AT/RT is a category of rare, aggressive, embryonal brain neoplasms. A study examining data from 13 European countries reported that the median age at AT/RT diagnosis is 29.5 months (20). The 5-year overall survival (OS) and event-free survival (EFS) are 34.7 ± 4.5% and 30.5 ± 4.2%, respectively (20). AT/RT comprises only 1%–2% of all paediatric CNS neoplasms but approximately 10%–20% of brain neoplasms in patients under 3 years old (21). Approximately 70% of cases occur in patients younger than 1 year old, with more than 90% in those younger than 3 years old (11).

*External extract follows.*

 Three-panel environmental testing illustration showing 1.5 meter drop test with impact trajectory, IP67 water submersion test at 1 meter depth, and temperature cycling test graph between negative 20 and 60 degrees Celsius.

Mutation of subunits of SWI/SNF chromatin-remodelling complexes is the central event in AT/RT. Studies in genetically engineered mouse models show that SMARCB1 is a genuine tumour suppressor gene (22–24). Biallelic mutations of SMARCB1 or SMARCA4 are frequent genetic alterations in AT/RTs (2, 25). The tumorigenesis of AT/RT follows a classical two-hit model (2). Approximately 35% of cases are identified as heterozygous germline mutations of SMARCB1 or SMARCA4, which constitutes the first hit (2). Another study demonstrated that germline mutations in AT/RTs can be identified at any age, and 60% of children under the age of 6 months are prone to multiple rhabdoid tumours (26). Therefore, genetic counselling is recommended for surveillance and identifying implications in pregnancies. In addition, the presence of germline mutations requires AT/RT patients to undergo whole-body examinations to detect potential extracranial lesions.

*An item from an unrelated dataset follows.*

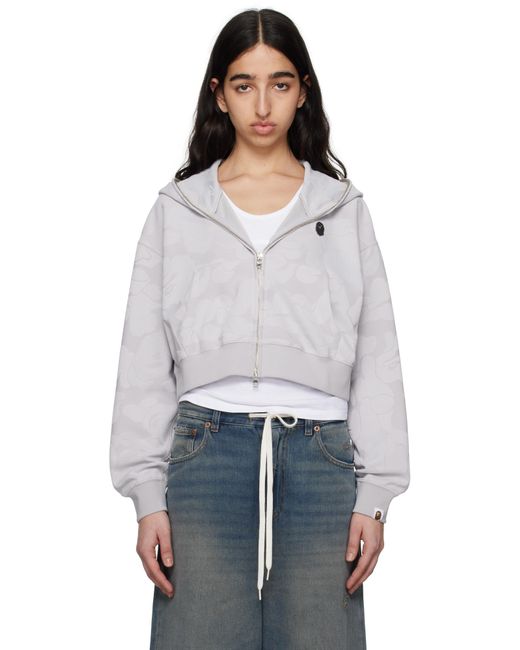 A Bathing Ape White Solid Camo Jacquard One Point Cropped Zip Hoodie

Due to the lack of large-scale prospective studies for AT/RT, a standard treatment regimen has not yet been established (27). Total tumour resection forms the typical basis for therapy (28–30). Although the implementation of radiotherapy in AT/RT patients remains controversial due to severe neurocognitive complications, the lack of alternative treatments has necessitated the continued use of radiotherapy as an important modality in AT/RT therapeutic regimens (27, 30). The efficacy of intensive chemotherapy and focal radiotherapy have been validated, with 37% 4-year EFS and 43% overall survival (31). This study, the first AT/RT-specific cooperative group trial, included 65 patients and identified high-dose chemotherapy with peripheral blood stem cell rescue (HDC/SCR) and involved-field radiotherapy as an important treatment modality for AT/RT.

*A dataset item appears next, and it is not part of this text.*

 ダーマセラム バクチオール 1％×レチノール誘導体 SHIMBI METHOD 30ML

SMARCB1 is implicated in many pathways, particularly the p16-RB pathway (32). The p16 tumour suppressor protein inhibits CDK4/6 (32). SMARCB1 is critical for regulating the expression of CDKN2A, which encodes p16 (33, 34). A principal consequence of SMARCB1 genetic inactivation is the inhibition of p16 expression, which correspondingly increases the activation of CDK4/6, facilitating the phosphorylation and inactivation of retinoblastoma tumour suppressor protein (RB) (35). Phosphorylated RB cannot suppress the E2F protein, which is required for progression from G1 to S phase, and thus, cell division is launched (32–34). The amplification or overexpression of CDK4/6 has been observed in several malignancies, including breast neoplasms, sarcoma, glioma, lymphoma and melanoma (36). In brain neoplasms, CDK6 amplification is frequently found in medulloblastoma glioma and glioblastoma (37–40). The NGS result of the present case is the first to show CDK6 amplification in AT/RT. The amplification of the CDK6 gene is related to high levels of CDK6 protein, which may increase the constitutive phosphorylation of RB, overriding p16 inhibition (41). Studies by Mendrzyk et al. and Ruano et al. suggested that CDK6 may promote the prognostic evaluation of medulloblastoma and glioblastoma, respectively (39, 40). This finding indicates that CDK6 may serve as a prognostic marker in AT/RT.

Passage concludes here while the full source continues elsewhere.